Copy, exactly as written, the lines that begin at the one containing "Gants cross alpinestars" and end at the one containing "Faixas de Resistência". Skip any pictures in the data below.

__Records for the task__.
■ ■ ■ ■

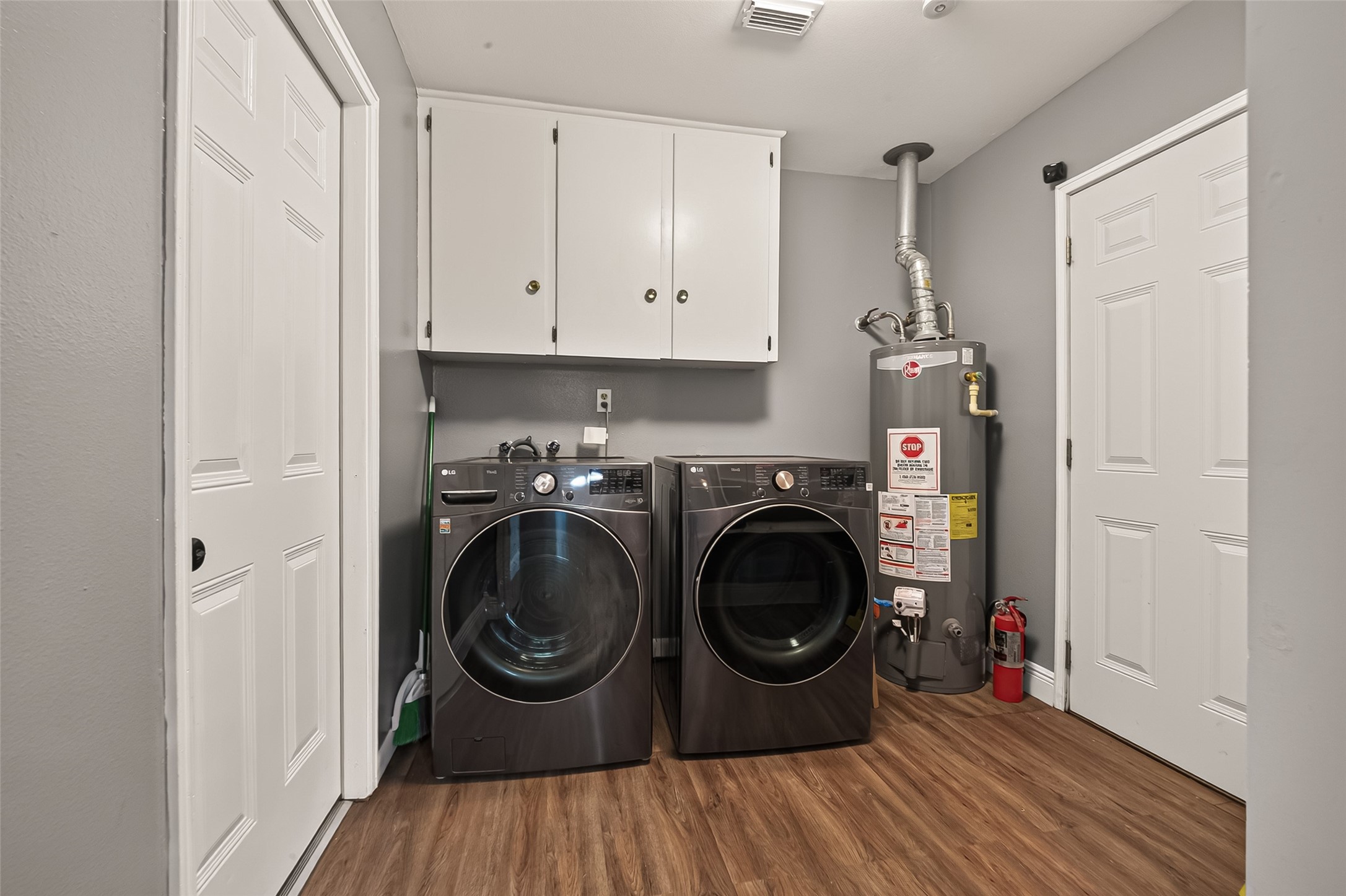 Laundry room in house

■ ■ ■ ■

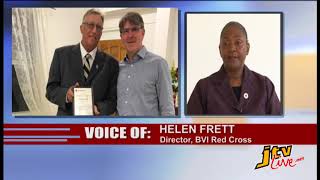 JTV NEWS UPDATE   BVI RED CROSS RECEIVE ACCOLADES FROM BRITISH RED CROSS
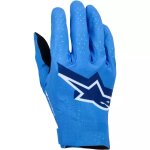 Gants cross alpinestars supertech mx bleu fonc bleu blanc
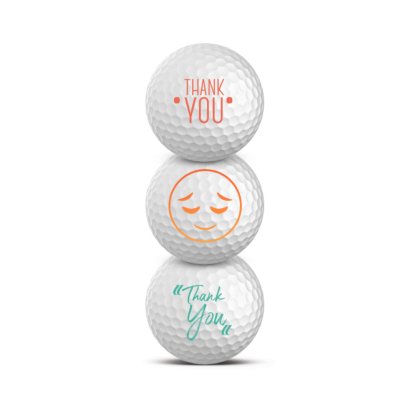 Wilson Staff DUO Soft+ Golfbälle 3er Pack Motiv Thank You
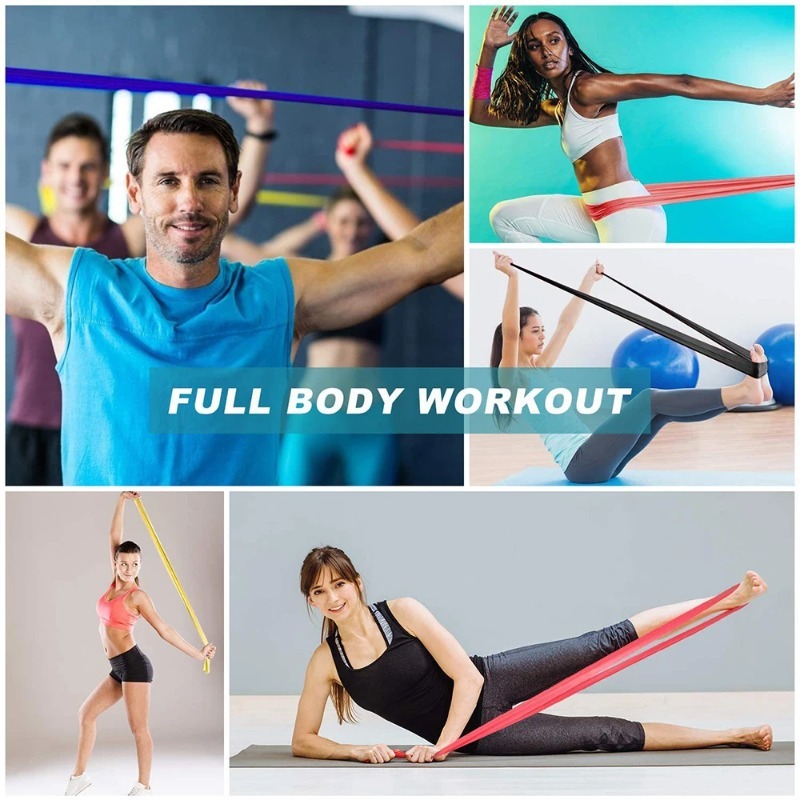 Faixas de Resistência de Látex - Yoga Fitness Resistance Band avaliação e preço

■ ■ ■ ■

__Solution below__.
 Gants cross alpinestars supertech mx bleu fonc bleu blanc
 Wilson Staff DUO Soft+ Golfbälle 3er Pack Motiv Thank You
 Faixas de Resistência de Látex - Yoga Fitness Resistance Band avaliação e preço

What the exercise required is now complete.